The map of the country indicates where the three capitals of Pretoria, Cape Town, and Bloemfontein are located. The map also shows the location of the nine provinces of the country and its major towns and cities, including Johannesburg and Durban. Others include Port Elizabeth, Rustenburg, and East London among others.
More so, the map shows the 2,798 Kilometer coastline of the country on the Atlantic and Indian Oceans. It shows where the two oceans meet. A well-detailed map of the country will show other major places in the country such as parks, roads, waters, and stadium.
On the map of South Africa, one can see Lesotho.
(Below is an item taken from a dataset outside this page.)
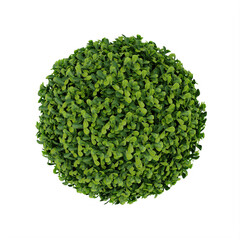 Artifical ball Buxus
Although a sovereign country of its own, Lesotho is seen on the South African map as it is surrounded by South Africa. The country sleeps between the provinces of Free State, Eastern Cape, and KwaZulu-Natal. It is the hole on the South African Map.
Apart from Lesotho, a large chunk of Swaziland can be seen curved into the South African map. The country is between Mpumalanga and KwaZulu-Natal.
Most people begin the history of South Africa with Bartholomew Dias whom “they” say discovered the area that later became South Africa. It has been claimed that this Portuguese navigator found the region as he searched for open doors to India for trade.
Before Dias came, there was life in the region. In fact, if we are to go with the archaeological evidence, people have occupied South Africa for more than hundred thousand years.
Also, there were stories of migration associated with the country such as that of the Bantu people who had moved from the Niger Delta River in Sub-Saharan Africa about 2,500 years ago to South Africa. Before the Bantu people were the San people and the Khoikhoi
The first western settlement in the region, however, occurred in 1652. From this period, until 1806, there have been various battles for the soul of the area, between the Dutch, French, and British. It was the British however, that later had the day.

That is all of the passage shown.